Fairfield’s prominence brought many important visitors to town, including President George Washington, who recorded his October 16, 1789 visit in his journal. The newly inaugurated president of the United States likely spent the night at Samuel Penfield’s Sun Tavern on his tour surveying damage from the Revolutionary War. The destruction from the 1779 burning was so widespread that it was still evident ten years later when Washington wrote: “The destructive evidences of British cruelty are yet visible both in Norwalk and Fairfield, as there are chimneys of many burnt houses standing in them yet.”

Sun Tavern was among a handful of taverns in town that were newly built at that time, replacing structures that had been destroyed by the British. At the time, it took two days to travel from New York to Fairfield by carriage on the Boston Post Road, so travelers needed a place to stay overnight and refresh their horses. The Sun Tavern was a lively establishment where Samuel Penfield provided much needed food, drink and lodging. Sun Tavern was also a popular meeting place for lawyers and judges attending court next door. Local farmers and sea captains, along with mill and shop owners would have enjoyed a beer or cider and a plate of oysters here as well.

The Sun Tavern closed its doors by 1818. Over the next 160 years the building became a private residence to pastors of First Congregational Church, New York City businessmen and a stage actor and his family, who used it primarily as a summer getaway. By the 1970s, the structure had fallen into disrepair.

Putnam Elms

Putnam Elms

In April 1775 17-year-old Daniel Putnam followed his father from farm field to war, serving as Major General Israel Putnam’s principal aide. In 1790 he purchased this farm and named it Putnam Elms, after the many trees he planted.

Putnam Elms is owned by the Colonel Daniel Putnam Association, and is open to the public.

Strong-Porter House

Strong-Porter House

Farms such as this one were essential to the supply lines that fed and clothed Connecticut’s Revolutionary soldiers. Behind the house once stood a two-story barn that housed livestock one level, and feed and equipment on the other.

The Strong-Porter House is owned by the Coventry Historical Society, and open to the public.

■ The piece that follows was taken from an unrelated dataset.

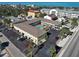 Aerial view of property showing parking and beach nearby at 701 Barcelona Ave # 101, Venice, FL 34285
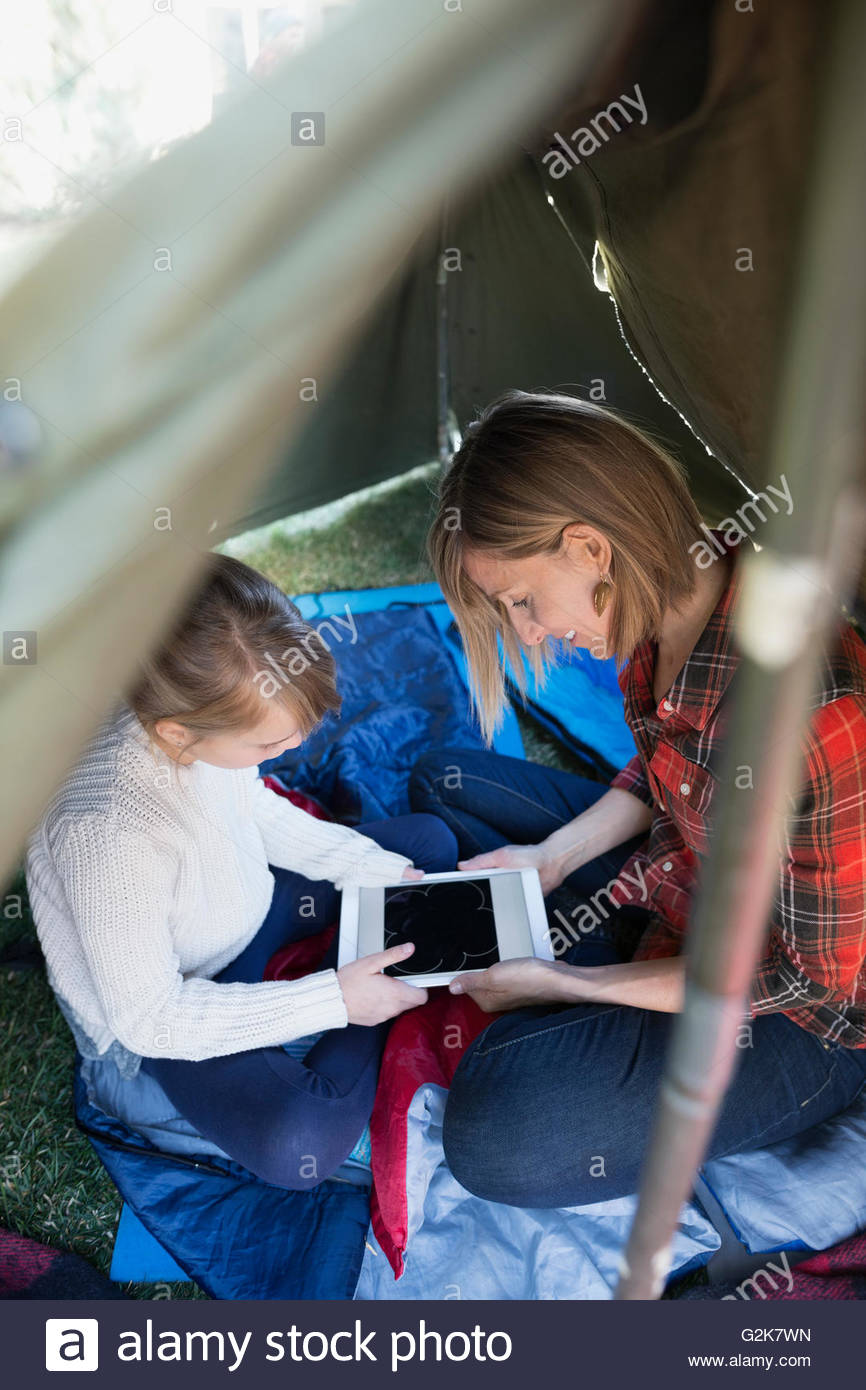 Mother and daughter playing game on digital tablet in tent Stock Photo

Norwich Historical Society

Norwich Historical Society

The Yantic, the Shetucket, and the Quinebaug Rivers unite at Norwich to form the Thames River, making the city a Revolutionary-era center for shipbuilding, merchant trading, and manufacturing. Norwich was also a hotbed of activity for the Sons of Liberty. Benedict Arnold was born here, and the city “hosted” one of the Revolution’s other notorious traitors, Benjamin Church in its gaol.

The Norwich Historical Society interprets the history of the “Rose City.”

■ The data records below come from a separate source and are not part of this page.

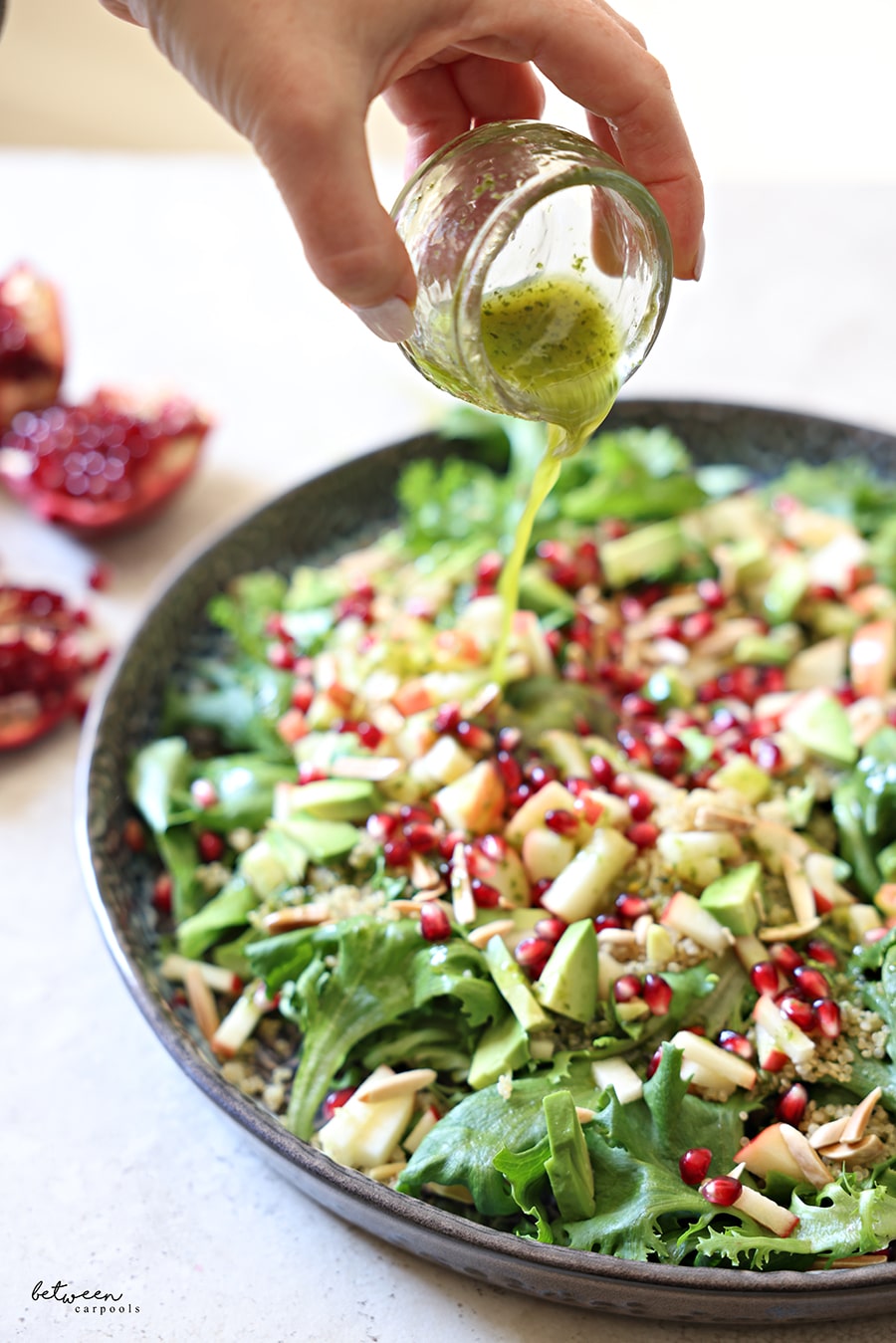 Pouring dressing over plated salad.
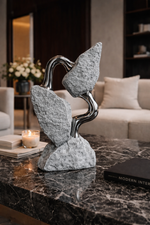 Decorative stone sculpture on a marble surface with a modern interior setting.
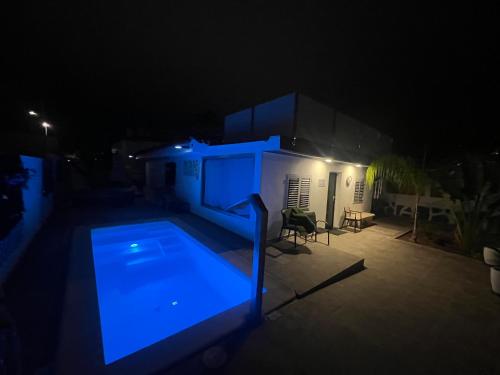 a swimming pool at night with a blue light at The Yumbo Pearl in Playa del Ingles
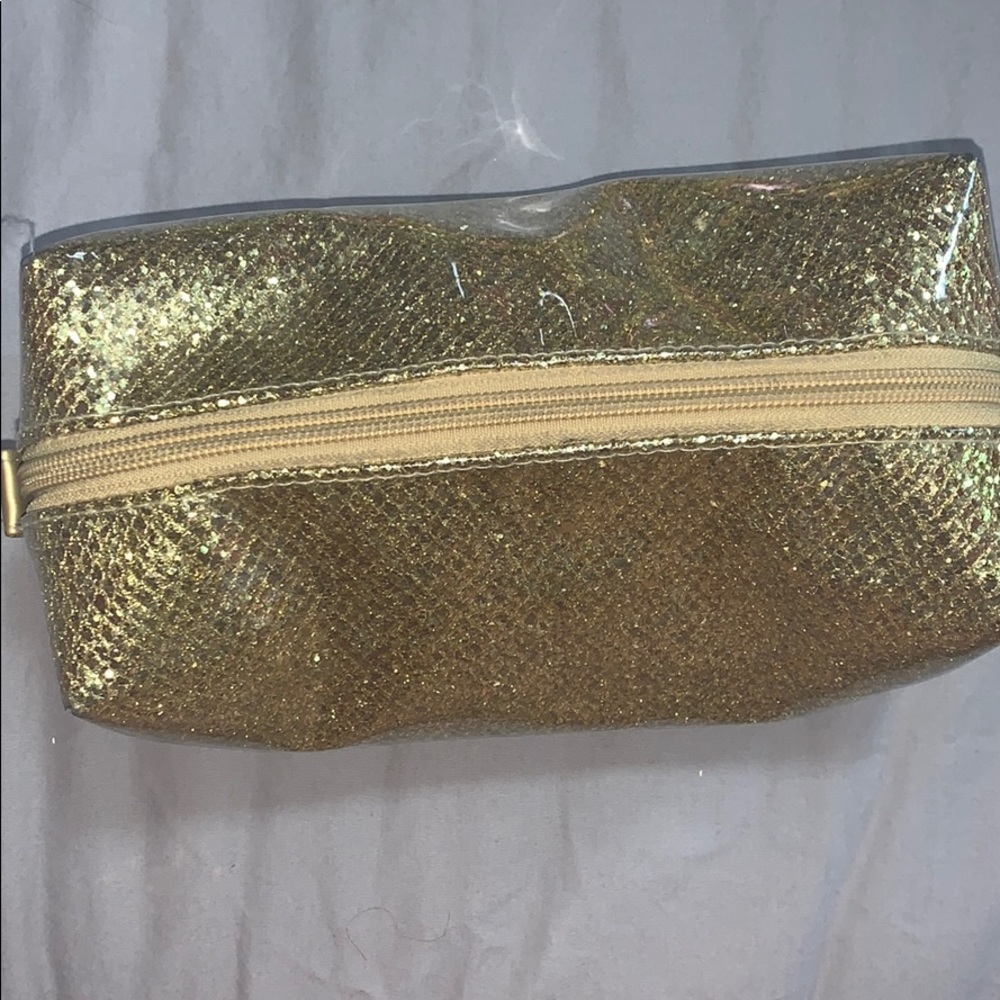 Gold makeup bag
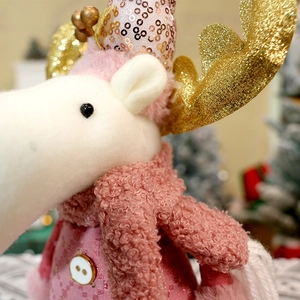 Detailed close-up of pink sequined Christmas reindeer plush with golden antlers and soft scarf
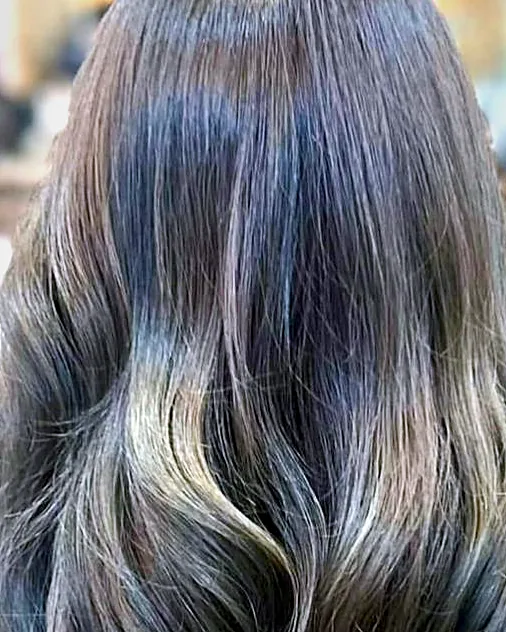 Face-framing blonde highlights through dark wavy hair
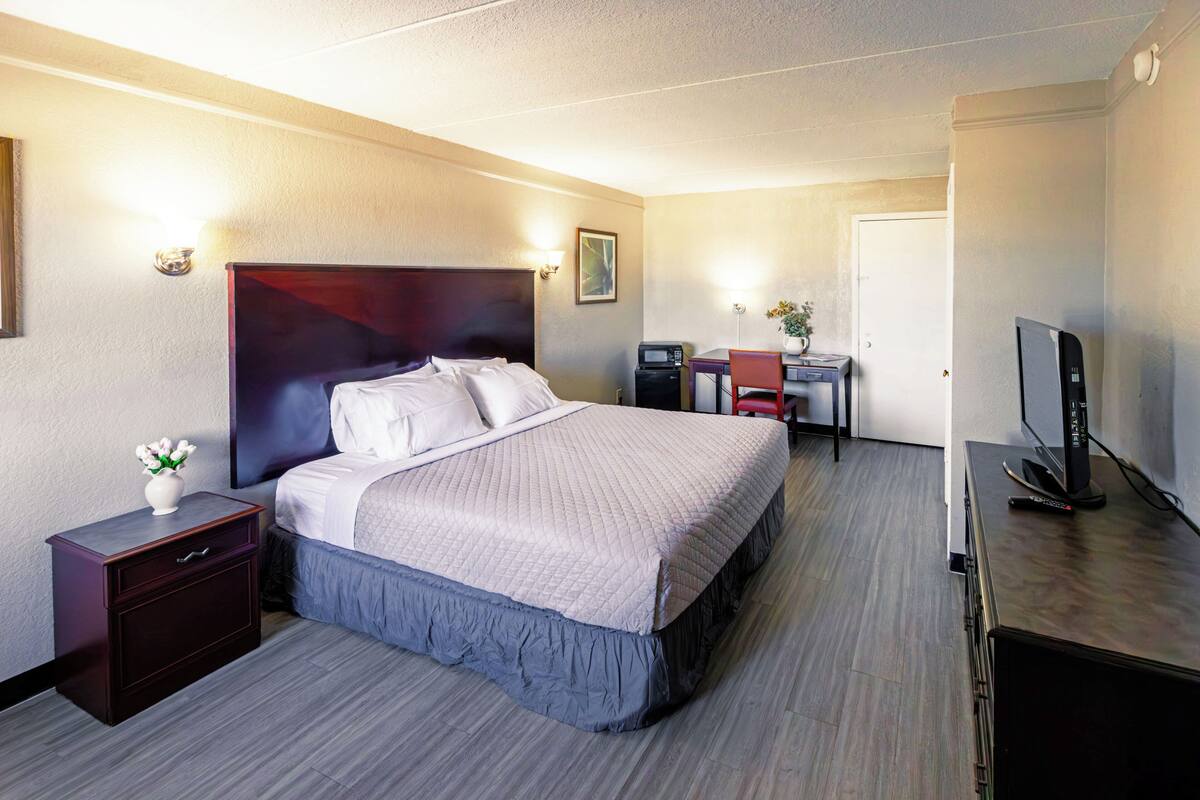 Et hotelværelse med seng, skrivebord, fjernsyn og et natbord.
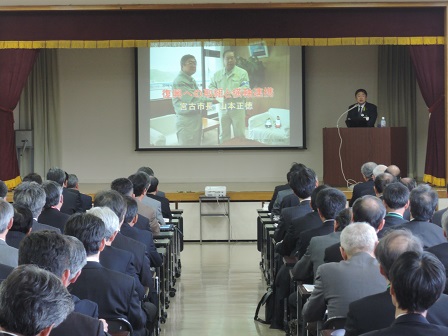 会場に並んだ机の席に座る大勢の関係者と、舞台上の演台に置かれたマイクに向かい話をする市長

Franklin Historical Society

Franklin Historical Society

Franklin was once West Farms north of Norwich.  The stage road was from the Norwich Town Green  to Windham.  In 1786 West Farms became Franklin and the following year it was voted that a town highway tax be payable in labor at 3 shilling per day for a man and 8 shilling for a man and a team of 4 good oxen and cart. In 1795the Hartford to Norwich Turnpike was chartered to connect the towns of Franklin, Lebanon, Columbia, Andover and Bolton.  It was to have two toll gates.  But in 1796a resoluntion was forwarded to the General Assembly that the inhabitants of Franklin
were” dissatisfied, aggrieved and injured by setting up a turnpike between Lebanon and Norwich and praying that such relief as consistent with wisdom, justice and equity be granted.”

Hale Homestead

Hale Homestead

Connecticut’s State Hero Nathan Hale was born in a previous house on this farm in 1755. The Hale family was dedicated to the cause of liberty and six of the eight sons served in the army. The homestead and farm prospered and allowed the Hales to provide food for soldiers.

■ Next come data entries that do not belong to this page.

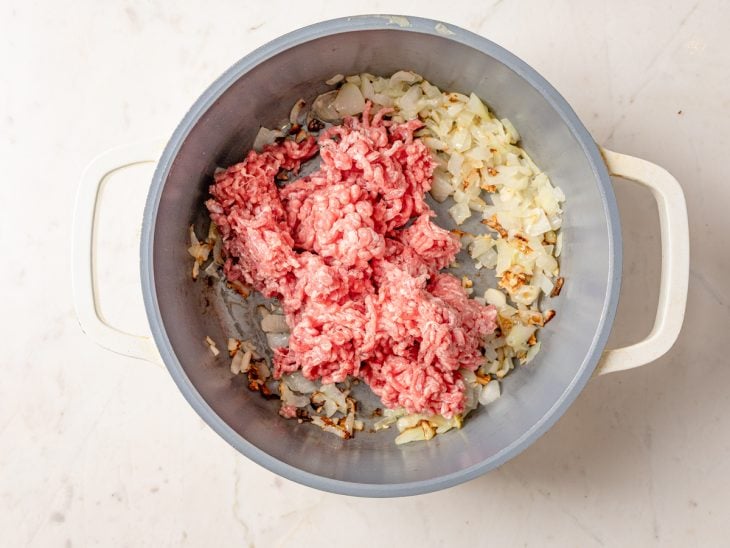 Uma panela com a carne moída, o alho, a cebola e temperos.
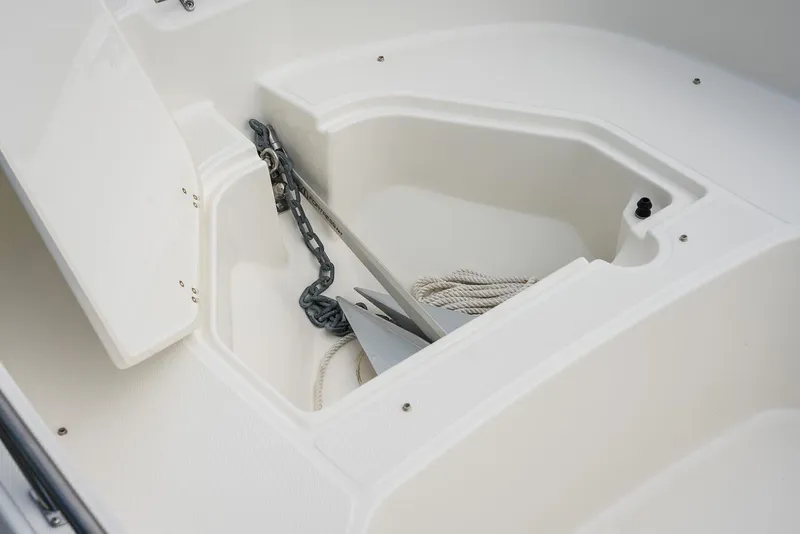Slide: The Image of 2024 Boston Whaler 160 Super Sport anchor storage compartment with chain and rope. - 27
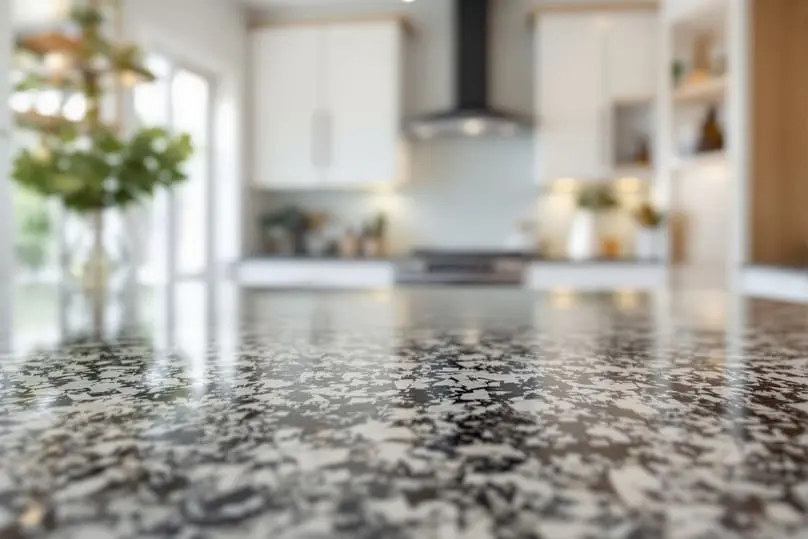 Shiny granite countertop in a kitchen, guide on how to clean granite countertops safely.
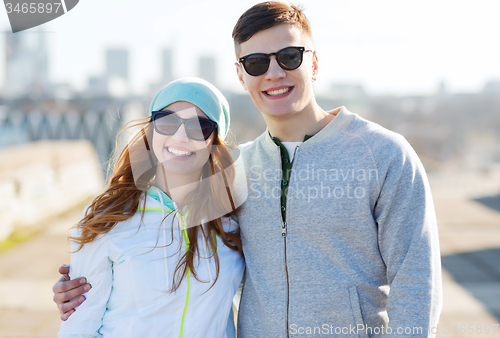 Image of happy teenage couple walking in city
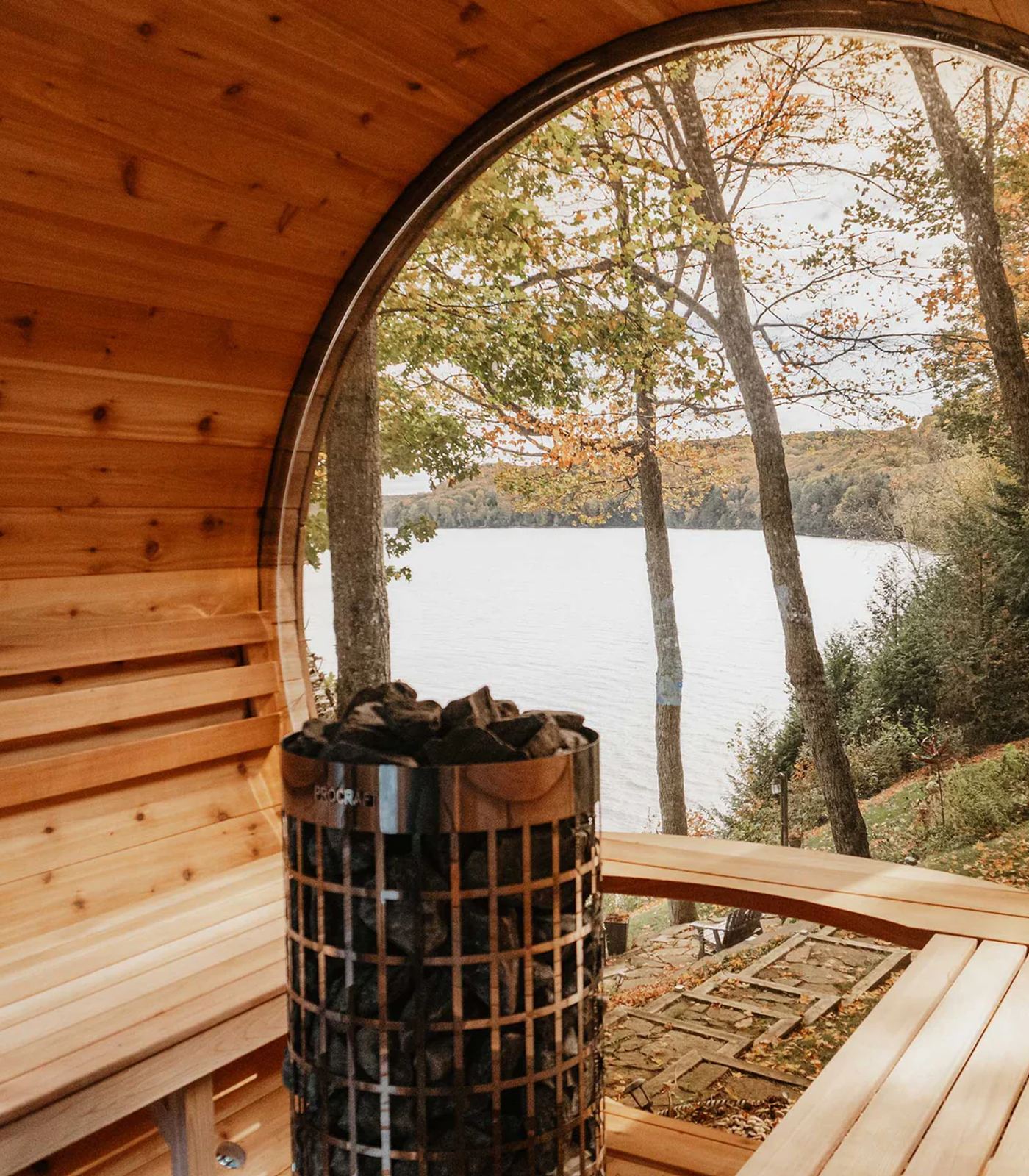 Cedar barrel sauna interior with a heater stacked with rocks, looking out a round porthole window onto an autumn lake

Today, the Hale Homestead is part of Connecticut Landmarks.

Beaumont House

Beaumont House

One of four brothers who served as Revolutionary soldiers, Samuel Beaumont built a small farm house “four miles and 59 rods” from the original meeting house in Lebanon. It was moved to its current site in 1975.

The Beaumont House is owned by the Lebanon Historical Society.

Jonathan Trumbull Jr. House

Jonathan Trumbull Jr. House

Jonathan Trumbull Jr. served as the northern army’s paymaster general, and then as military secretary to General George Washington. He served with Washington at Yorktown and until the Treaty of Paris was signed in 1783. General Washington probably stayed in his house March 4, 1781.

The Trumbull Jr. House is owned by the Town of Lebanon and open to the public.

Trumbull War Office

Trumbull War Office

From 1775-1783, Gov. Jonathan Trumbull Sr. and the Council of Safety met more than 500 times at this small storehouse to plan Connecticut’s military, logistical, financial, and political actions during the American Revolution.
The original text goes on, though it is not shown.